__WHAT YOU ARE ASKED TO DO__.
Transcribe nothing but the lines from the one with "Kürklü Bordo Deri Kadın Mont - Görsel 3" to the end of the entries, both included, keeping each exact and leaving every picture out.

[Items from a dataset]

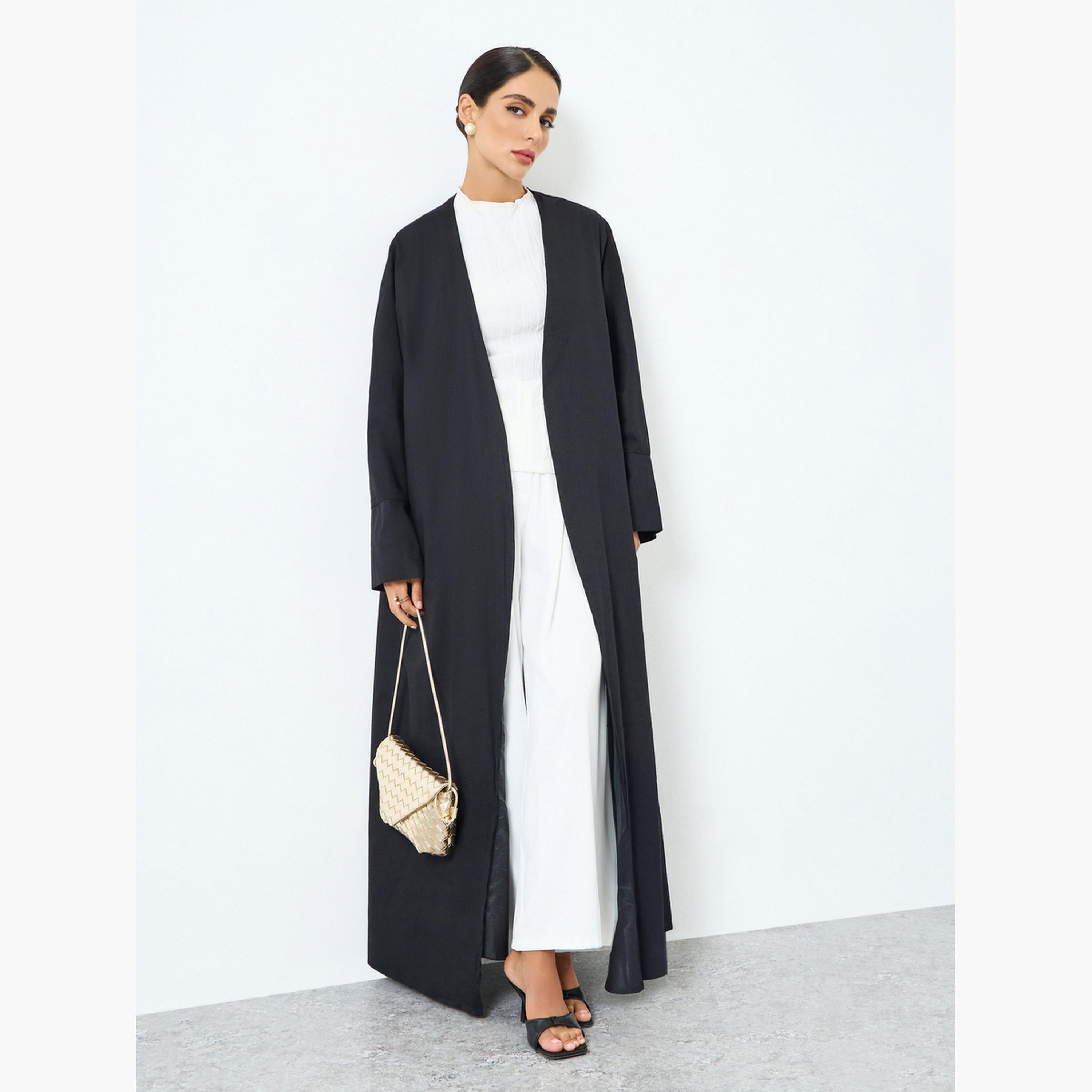 Take Two Women Solid Black Long Sleeve Abaya-women-arabicclothing-abayas-image-1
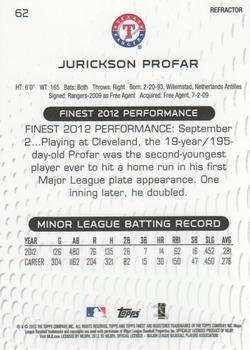 2013 Finest - Refractors #62 Jurickson Profar Back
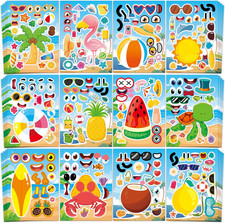 48 Sheets Summer Fun Make-A-Face Sticker Set for Kids   Create Your Own Faces wi
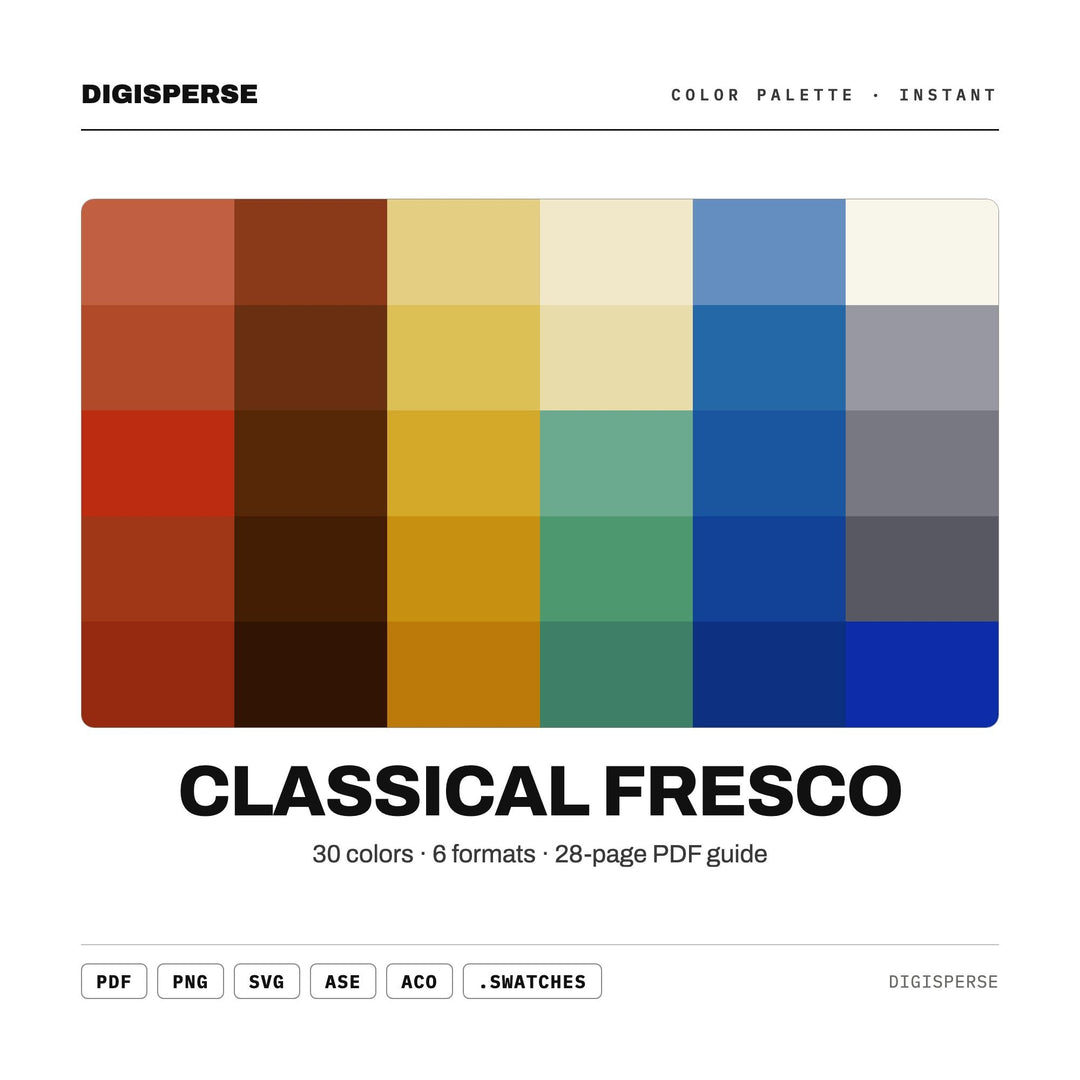 Classical Fresco Color Palette | 30 Renaissance Colors | Procreate, ASE (Digital Download)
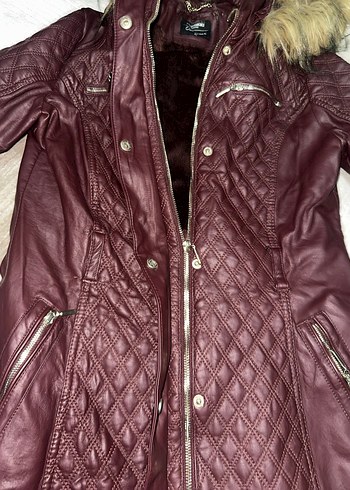 Kürklü Bordo Deri Kadın Mont - Görsel 3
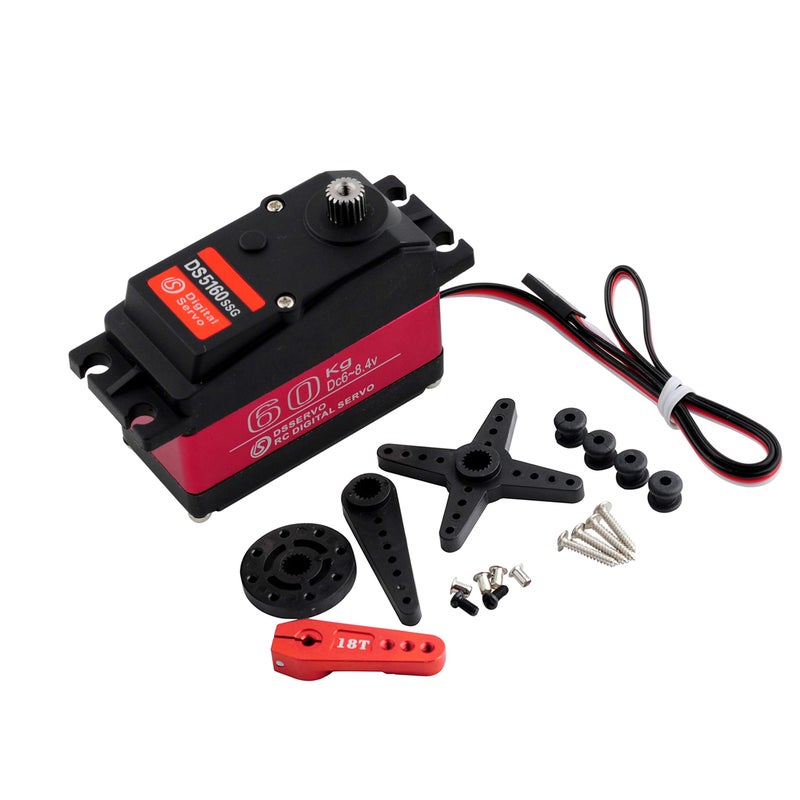 Wishiot DS5160SSG 60kg Servo RC Digital Servo DC684V Metal Gear Large Torque High Speed IP67 Waterproof Servo 270 Degree with 18T Aluminum Servo Arm for Crawler Baja Cars Robotics DIY Projects - Image 4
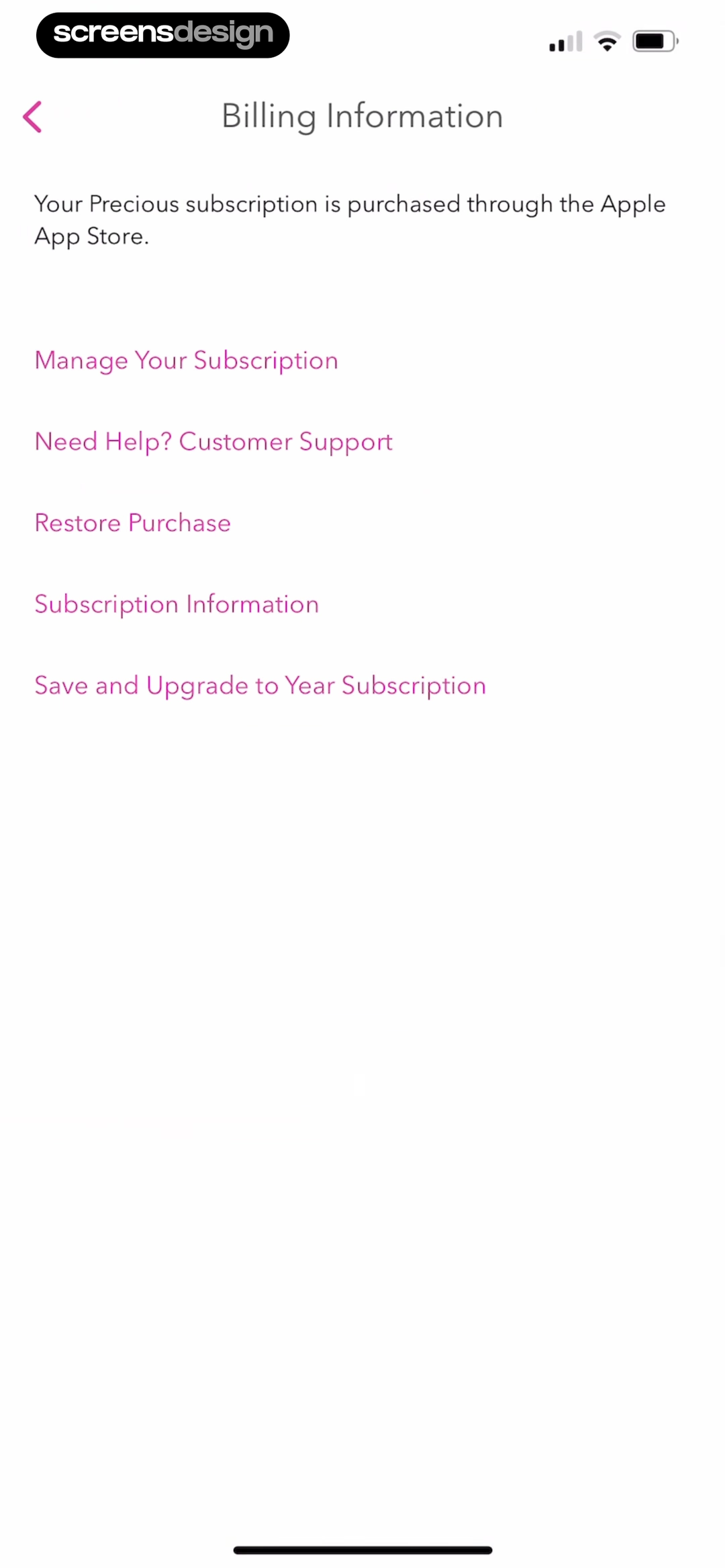 Precious billing information with manage support restore and yearly upgrade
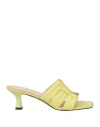 Marc Ellis Woman Sandals Lime Green Size 8 Leather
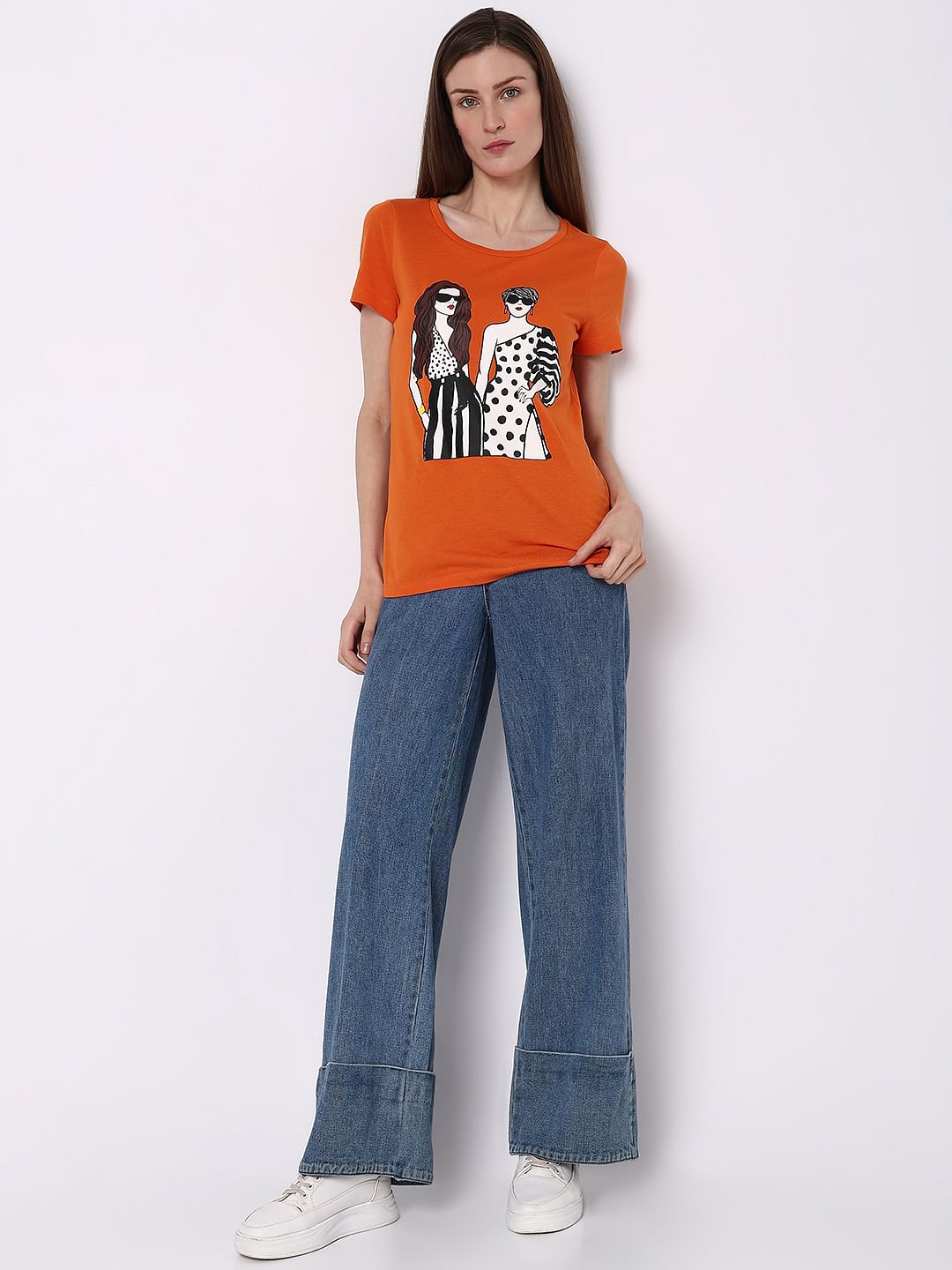 Orange Graphic Print T-Shirt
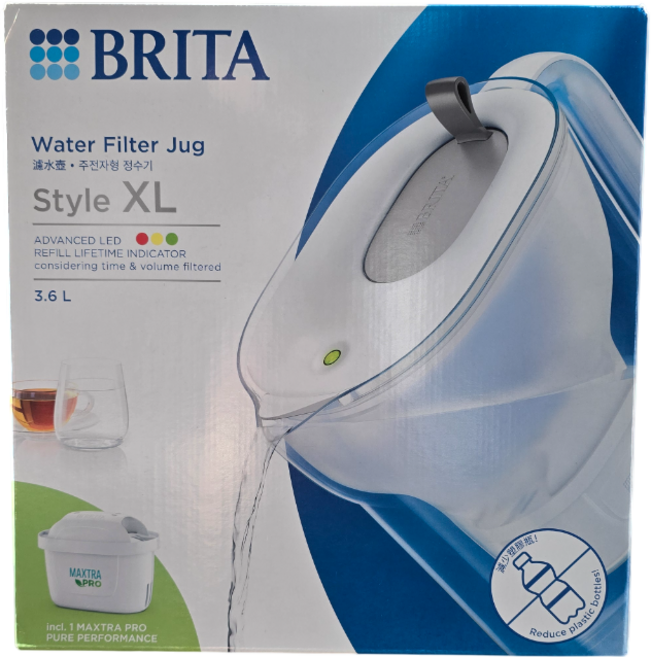 브리타 스타일XL 그레이 3.6L 정수기 + 기본필터1개 PG0102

__RESPONSE FOR THIS EXERCISE__.
 Kürklü Bordo Deri Kadın Mont - Görsel 3
 Wishiot DS5160SSG 60kg Servo RC Digital Servo DC684V Metal Gear Large Torque High Speed IP67 Waterproof Servo 270 Degree with 18T Aluminum Servo Arm for Crawler Baja Cars Robotics DIY Projects - Image 4
 Precious billing information with manage support restore and yearly upgrade
 Marc Ellis Woman Sandals Lime Green Size 8 Leather
 Orange Graphic Print T-Shirt
 브리타 스타일XL 그레이 3.6L 정수기 + 기본필터1개 PG0102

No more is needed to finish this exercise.